- _SOURCE MATERIAL_
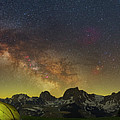Spring Colors Photograph by Ralf Rohner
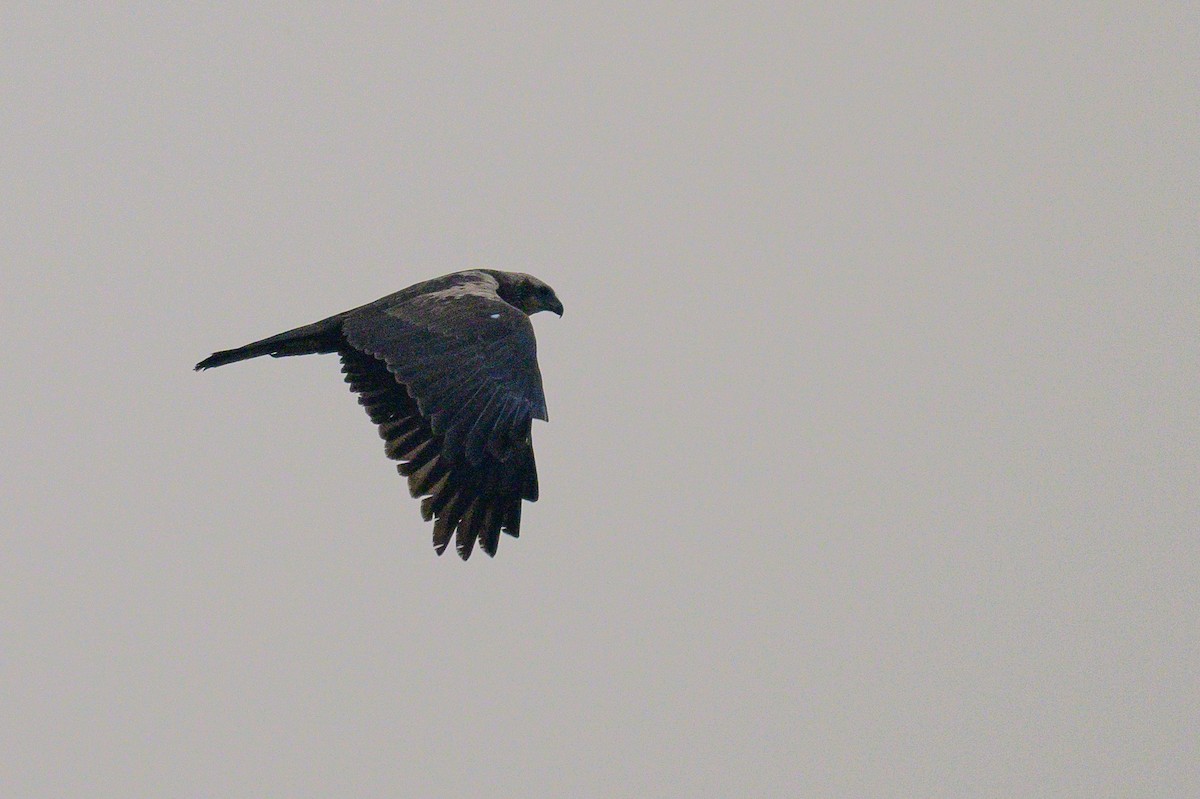 זרון סוף - ML650574740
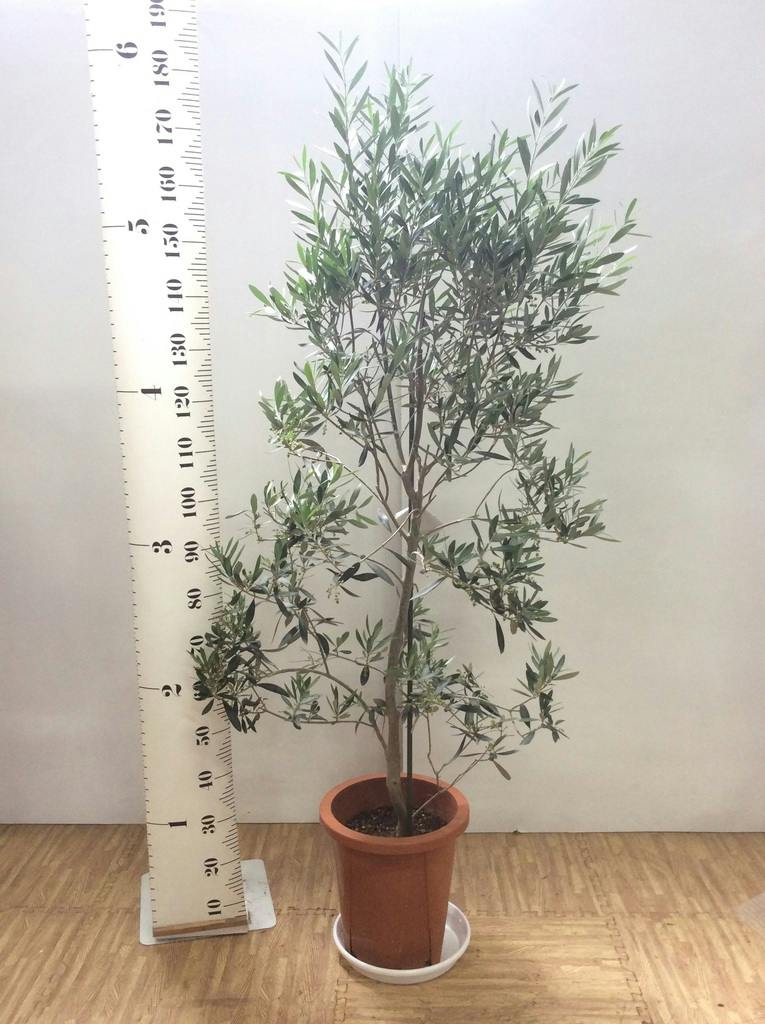 観葉植物 オリーブ 10号 チプレッシーノ アートストーン ラウンド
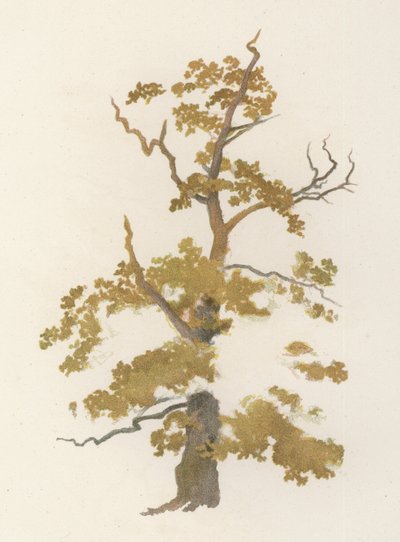 Trees: The Oak by William Henry James (after) Boot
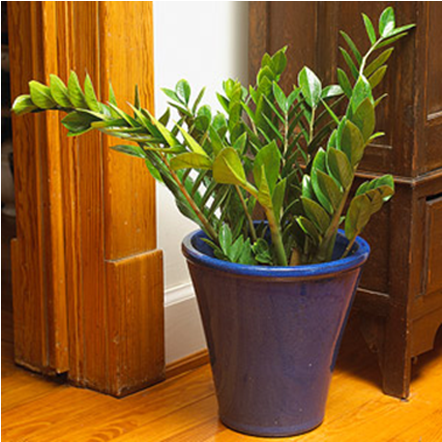 Indoor Plants - Zee Zee Plant (640x480), Png Download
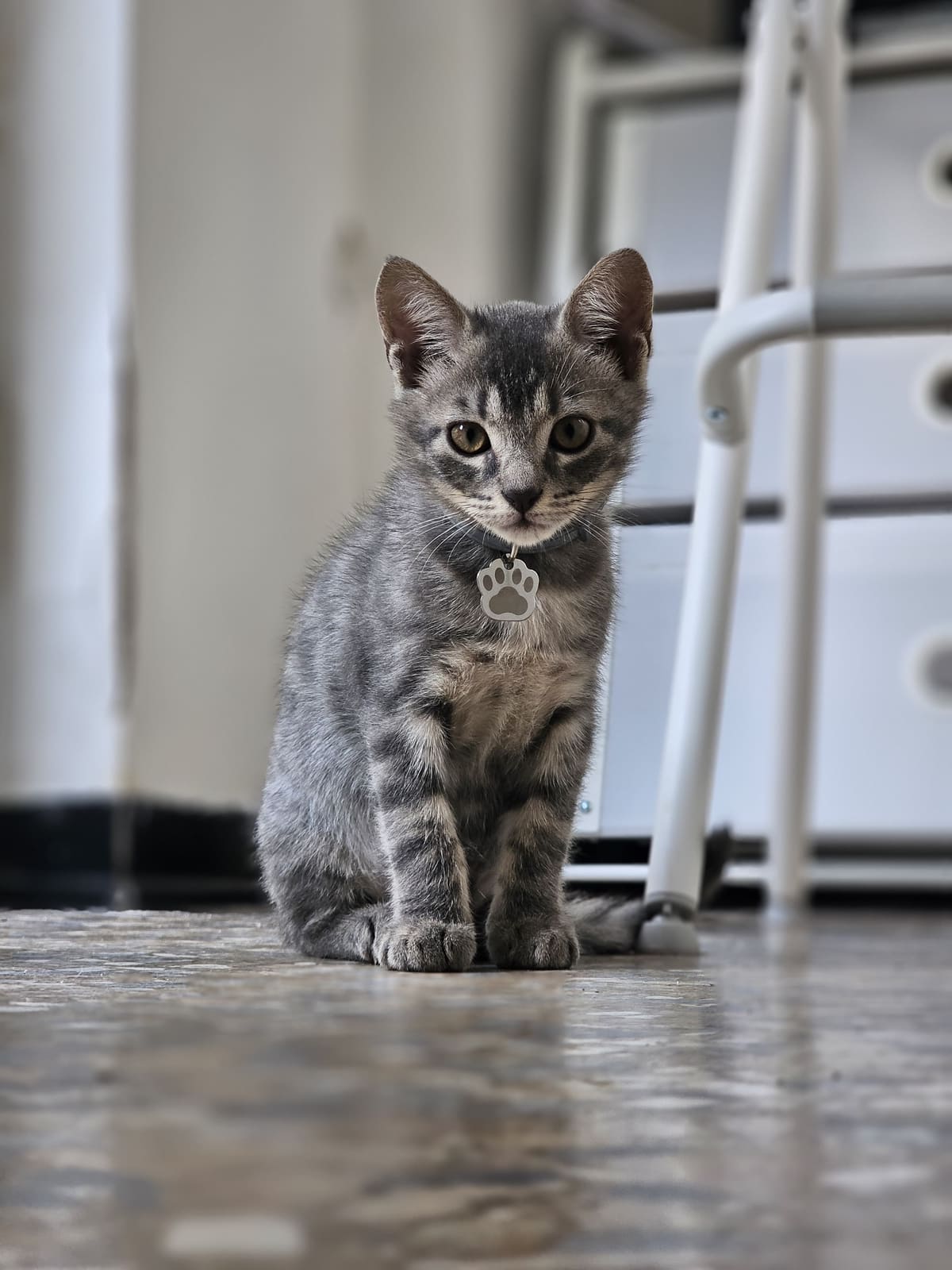 Romeo, ospite della pensione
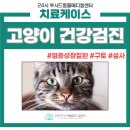 당고개동물병원 이미지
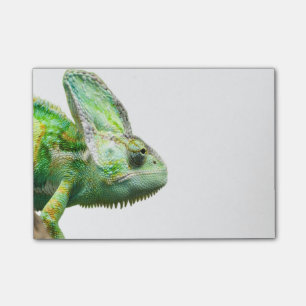 Post-it® Reptile exotique
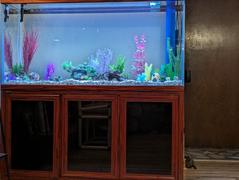 AquaDreamUSA Aqua Dream 200 Gallon Tempered Glass Aquarium Redwood Review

- _TASK TO COMPLETE_
Restate each entry word for word, please, but drop any images it holds.

- _ANSWER SPACE_
Spring Colors Photograph by Ralf Rohner
 זרון סוף - ML650574740
 観葉植物 オリーブ 10号 チプレッシーノ アートストーン ラウンド
 Trees: The Oak by William Henry James (after) Boot
 Indoor Plants - Zee Zee Plant (640x480), Png Download
 Romeo, ospite della pensione
 당고개동물병원 이미지
 Post-it® Reptile exotique
 AquaDreamUSA Aqua Dream 200 Gallon Tempered Glass Aquarium Redwood Review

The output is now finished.